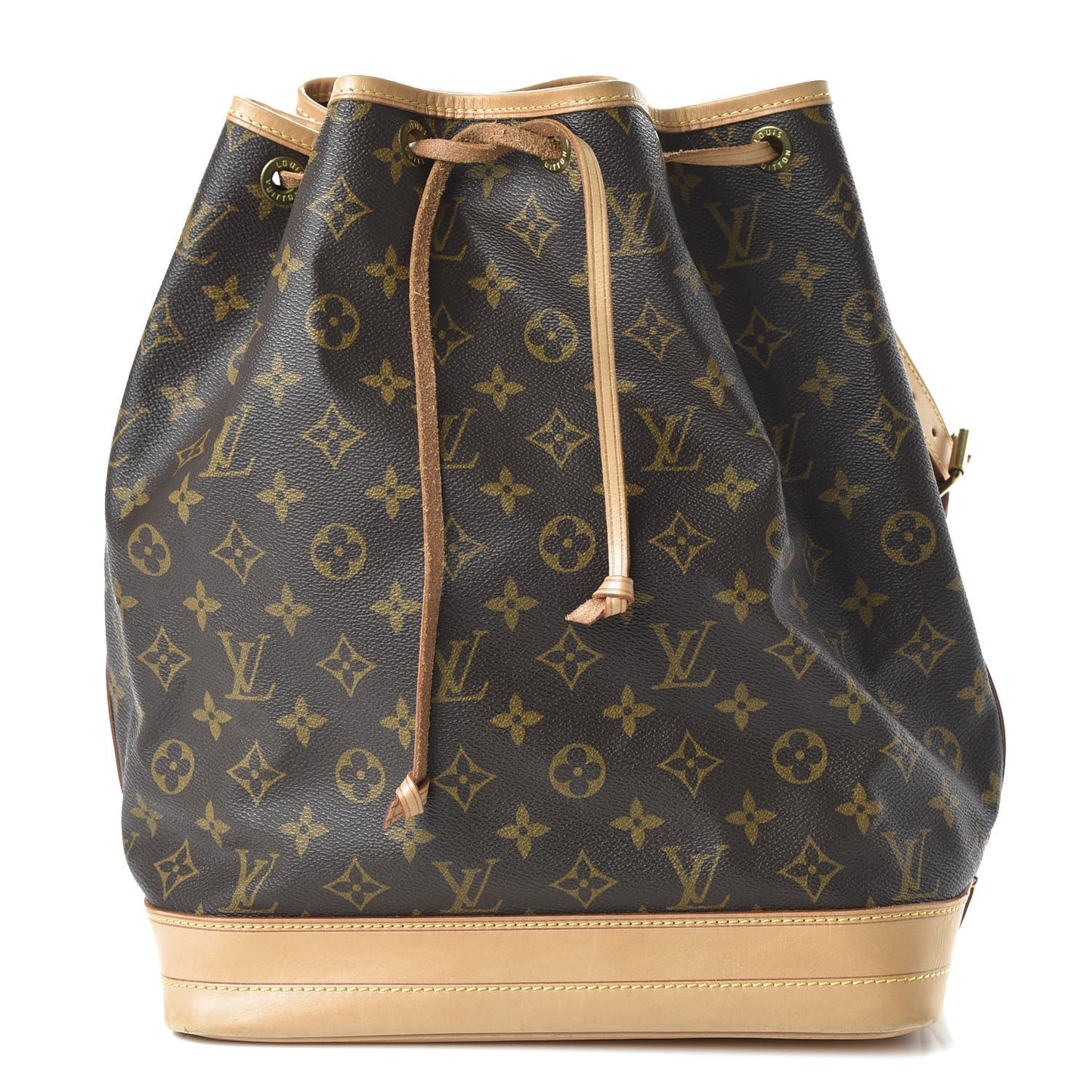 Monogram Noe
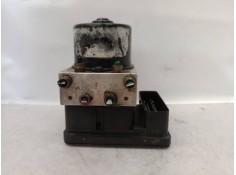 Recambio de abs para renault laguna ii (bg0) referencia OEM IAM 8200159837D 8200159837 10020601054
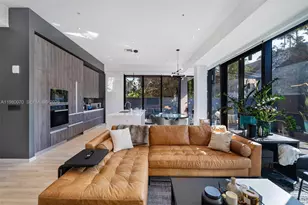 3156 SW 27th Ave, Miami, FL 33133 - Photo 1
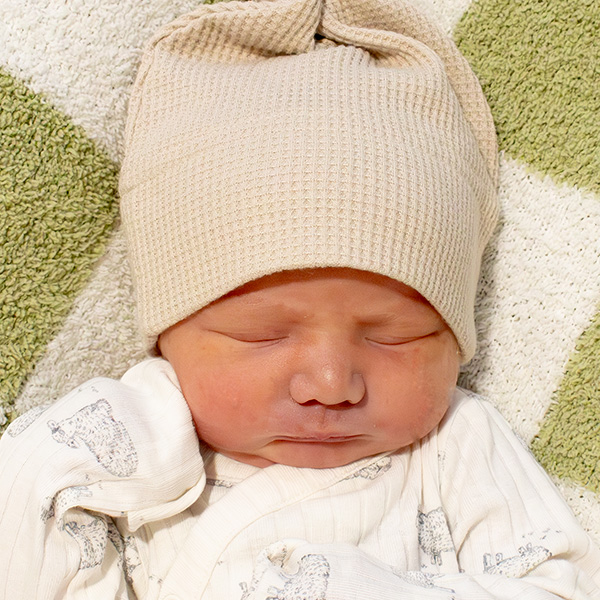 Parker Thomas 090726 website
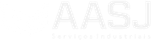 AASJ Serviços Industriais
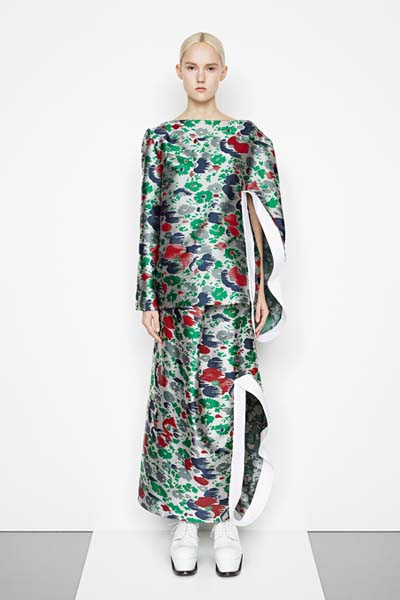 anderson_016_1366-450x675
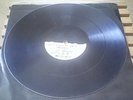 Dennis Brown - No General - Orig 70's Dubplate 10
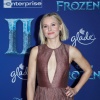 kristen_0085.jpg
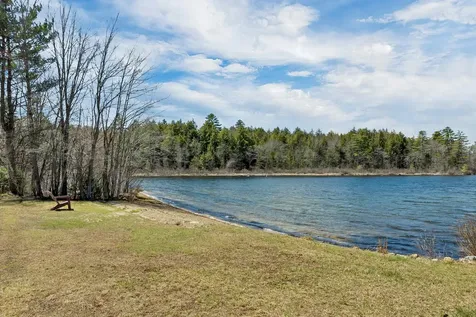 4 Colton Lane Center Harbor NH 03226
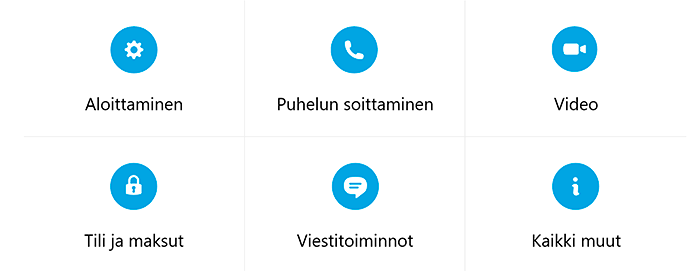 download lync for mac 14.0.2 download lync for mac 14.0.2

---

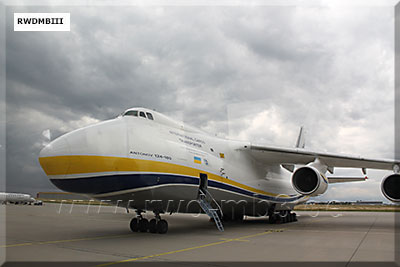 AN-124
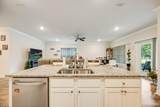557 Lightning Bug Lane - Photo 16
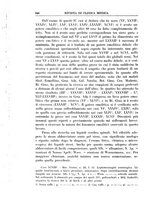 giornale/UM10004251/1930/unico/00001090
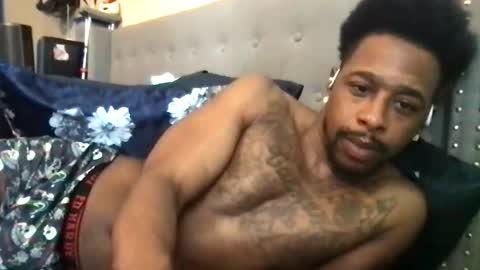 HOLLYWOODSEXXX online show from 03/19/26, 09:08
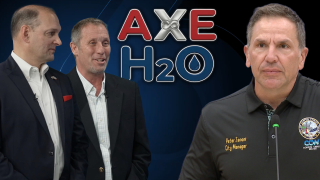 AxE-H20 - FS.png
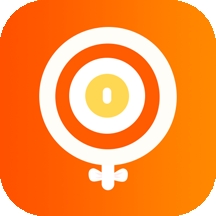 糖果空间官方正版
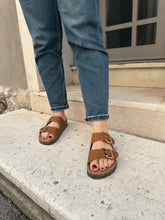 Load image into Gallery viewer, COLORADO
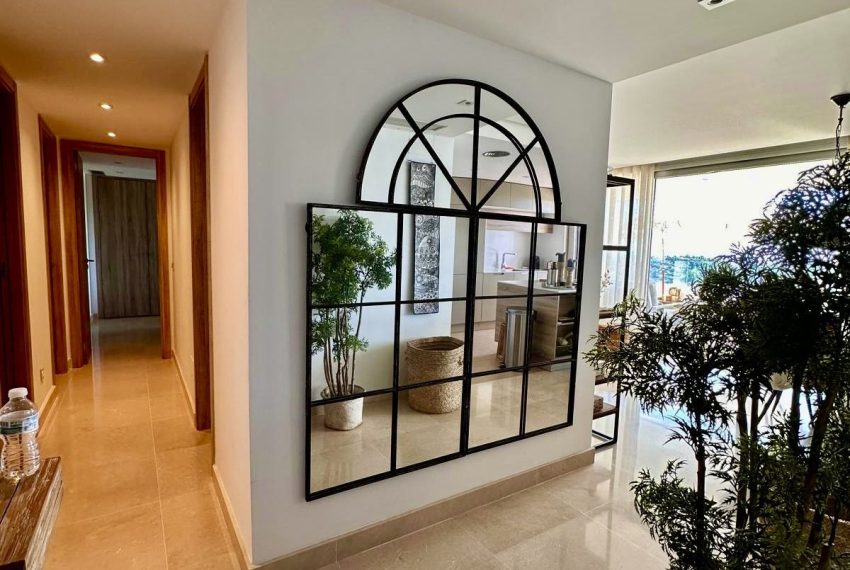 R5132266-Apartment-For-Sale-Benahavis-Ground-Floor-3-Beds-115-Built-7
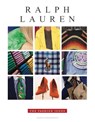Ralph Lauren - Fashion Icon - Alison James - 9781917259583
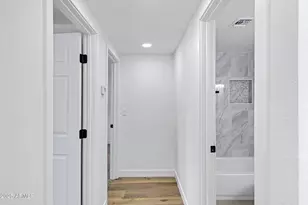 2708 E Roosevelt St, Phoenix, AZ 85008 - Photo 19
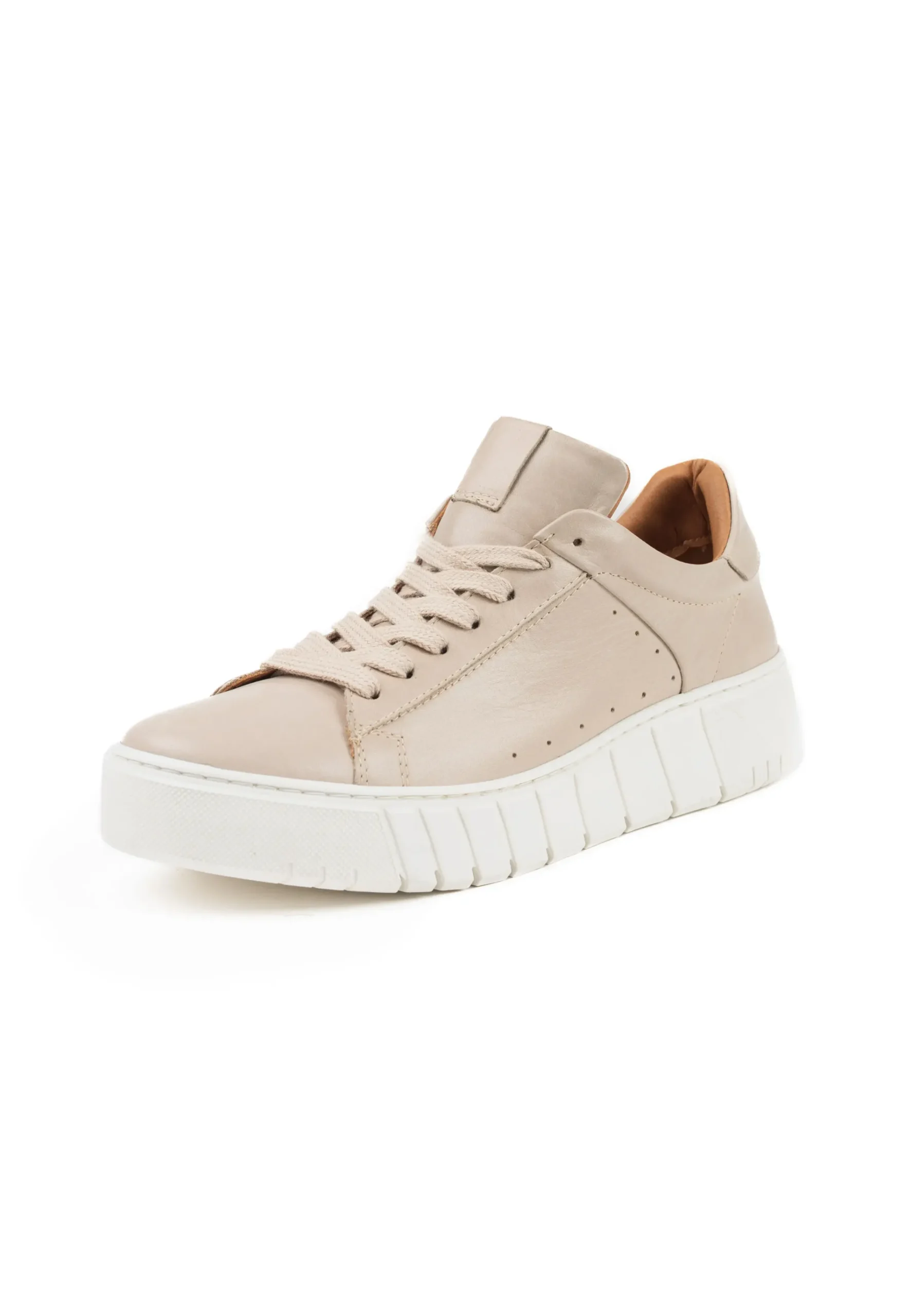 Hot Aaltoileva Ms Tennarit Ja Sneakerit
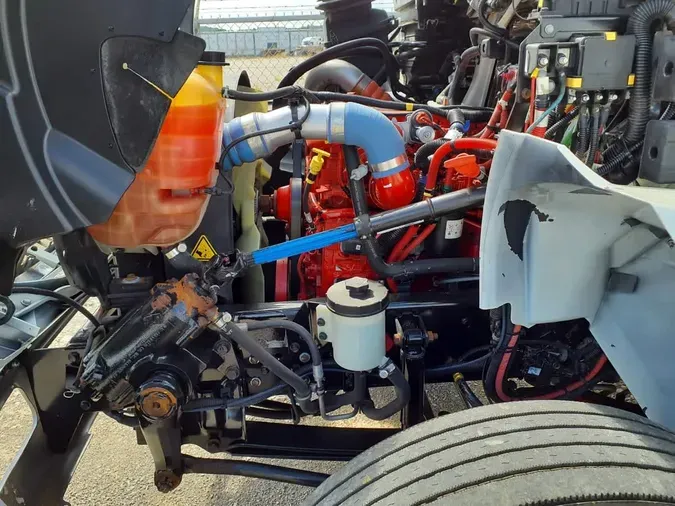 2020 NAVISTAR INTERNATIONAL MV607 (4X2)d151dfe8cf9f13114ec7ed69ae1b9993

* * *

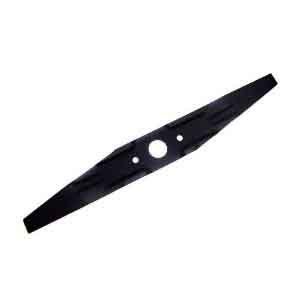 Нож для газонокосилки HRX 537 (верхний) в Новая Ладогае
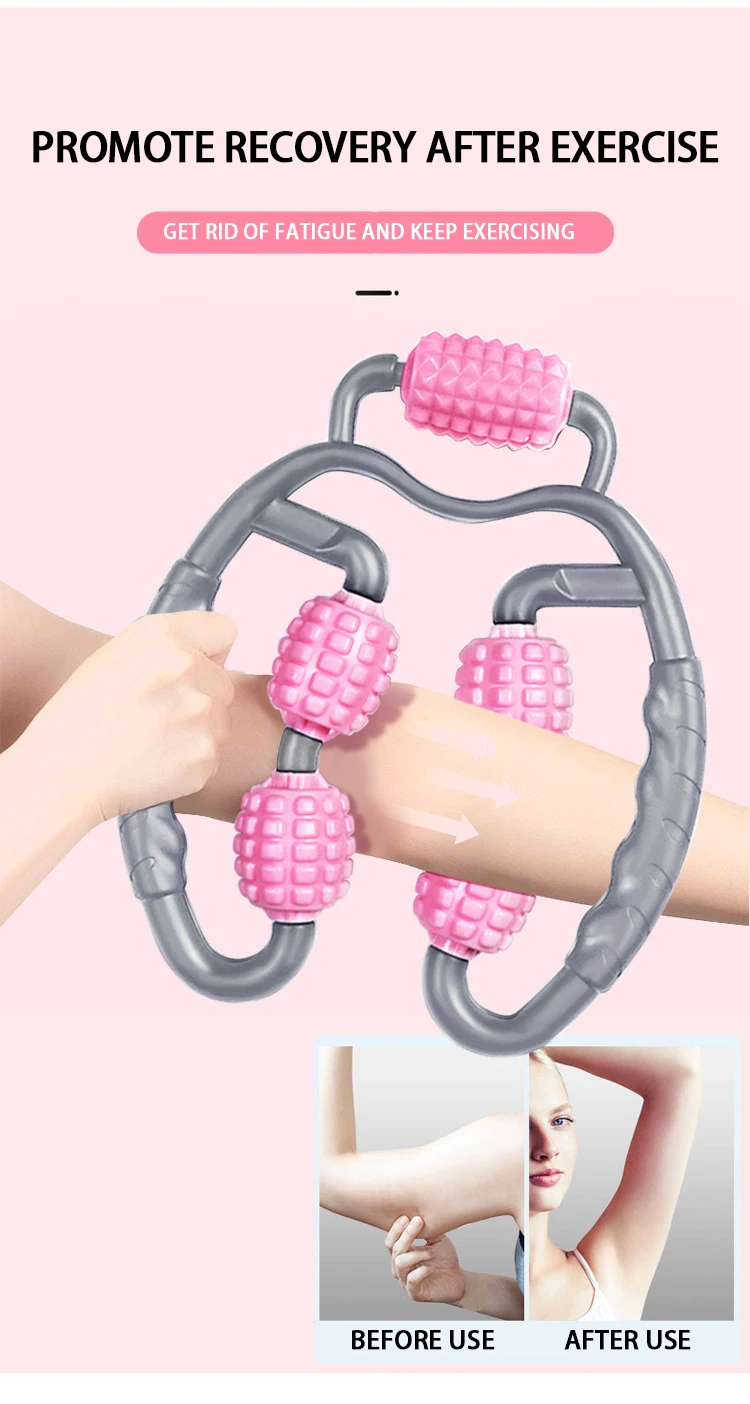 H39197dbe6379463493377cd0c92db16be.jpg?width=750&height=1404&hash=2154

What the task requires: Once the line with "4 Colton Lane Center Harbor NH 03226" is found in the data above, reproduce it and each line after it exactly, through the line with "download lync for mac 14.0.2 download". Omit the pictures.

Solution to this task:
 4 Colton Lane Center Harbor NH 03226
 download lync for mac 14.0.2 download lync for mac 14.0.2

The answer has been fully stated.